Çocukluk Anıları ve İletişimin Önemi
Çok küçük yaşlarımda, ortaokul sıralarında okulumuzda ayda bir veli toplantıları düzenlenirdi. Ben de bu toplantılarda şiir okurdum. Bir gece, ezberime güvenerek şiirimi yanımda götürmeden çıktım. Kalabalığı görünce, ne yazık ki dondum kaldım ve tek bir kelime bile aklıma gelmedi. Öğretmenim Zehra Hanım imdadıma yetişti ve bana ilk dizeyi söyledi. Şiiri tamamladım ama yaşadığım mahcubiyeti unutamam. Ertesi gün Türkçe dersinde öğretmenim bana yeni bir şiir verdi ve okumamı istedi. Bu olay, öğretmenimin beni küçültmeden, azarlamadan, var ederek bana nasıl dokunduğunu gösteriyor. O günden sonra her konuşmamda yanıma notlar almayı öğrendim.
Momentum ve İletişim
Momentum, fizikte cisimlerin hareketiyle ilgili bir kavram. Ben bir iletişimci olarak insanların ve toplumların etkileşimini, anlam paylaşımını inceliyorum. İletişim, günümüzde iktidar ve pazarlama için önemli bir araç haline geldi. Teknolojisi ve psikolojisiyle disiplinler arası bir alan olan iletişimi anlamak için birçok faktörü göz önünde bulundurmak gerekiyor. Anlam paylaşımı olan iletişim için ortak bir dil ve karşılıklı dinleme gerekiyor. Ancak, ötekileştirmeyi aşmadan gerçek iletişim mümkün değil. Cinsiyet, ırk, mezhep, statü gibi farklılıklar nedeniyle ötekileştirme, iletişimin önündeki en büyük engellerden biri. Farklılıkları derinleştirmek yerine, benzerlikleri çoğaltmalıyız. Bu da ancak ötekileştirmeyi bırakıp birbirimizi anlamaya çalışarak mümkün olabilir.

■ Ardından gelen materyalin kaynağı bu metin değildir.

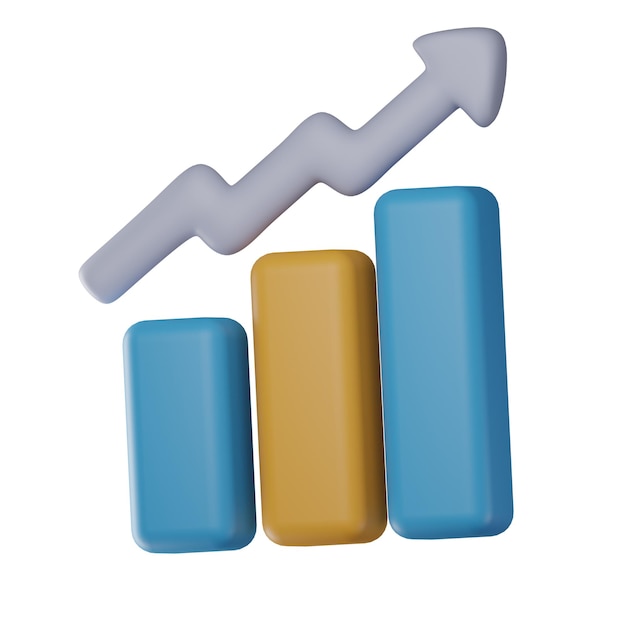 Illustrazione del grafico di crescita 3D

Algılar, İdeoloji ve Sanatın Gücü
Hepimizin kafasında, iyi, doğru ve düzen gibi kavramlara ilişkin şemalar var. Algıladığımız her uyaranı bu şemalarla ilişkilendiriyoruz. Uyanları kabul ediyor, uymayanları reddediyoruz. Ancak, “Ya doğruysa?” diye düşünüp anlamaya çalıştığımızda iletişim başlıyor. İletişimde uzlaşmak zorunda değiliz. Karşı tarafın düşüncesini anlamak ve saygı duymak yeterli. Bu sorgulama süreci, bizi ideoloji dünyasına götürüyor. İdeoloji, günlük hayatımızdaki her şeyi algılama ve değerlendirme biçimimizi etkiliyor. Bu dünyanın bize öğrettiği doğrular, medya ve siyasiler tarafından şekillendiriliyor. Bu doğruların farkına varıp sorgulayabilmek, farklı bir dünyanın kapılarını açıyor. Bu kapıları açmanın anahtarı ise sanat. Sanatın pasif bir tüketicisi olmak bile faydalı olabilir. Ancak, sanatla aktif olarak ilgilenmek, başka bir boyuta geçmemizi sağlar. Sanat, tıpkı bir kitap gibi, bize başka bir dünyanın ışığını sunar.
Umut, Direniş ve Varoluş
Hızla gelişen dünyada, kendimizi geri çekme, yalnızlaşma ve öğrenilmiş çaresizlik içinde yaşıyoruz. Buna başkaldırıp umudu kaybetmemeliyiz. Umut, birbirimizle birlikte olmaktan geçiyor. Sivil toplum kuruluşları, siyasi partiler, sanat oluşumları gibi platformlarda bir araya gelip birbirimizi anlayarak çoğalmalıyız. Hem birbirimizi anlayacağız hem de biricik olacağız. Biricik olmanın sorumluluğunu taşıyarak kendimizi var edeceğiz. Var olmak, hayatımızla ilgili sorulara cevap aramak demektir. Nereye gidiyoruz? Nasıl gidiyoruz? Hangi değerlerle kendimizi geliştiriyoruz? Ve tüm bunlar için ne yapacağız? Cesaret, merak ve yaşama arzusuyla bu sorulara cevap aramalıyız. İletişim, nasıl var olduğumuzla ilgili bir tarz. İletişimimiz ne ise biz oyuz. Dümenin başında olabilmek için ne yapmamız gerektiğini, kiminle neyi konuşmamız gerektiğini anlayarak, kendimizi geleceğe taşımalıyız. İletişim, anlam paylaşımıdır. Ancak, bu anlamları paylaşırken kendimize bakmalı, kendimizden yola çıkarak başkalarını anlamalı ve kendimizi üretmeliyiz.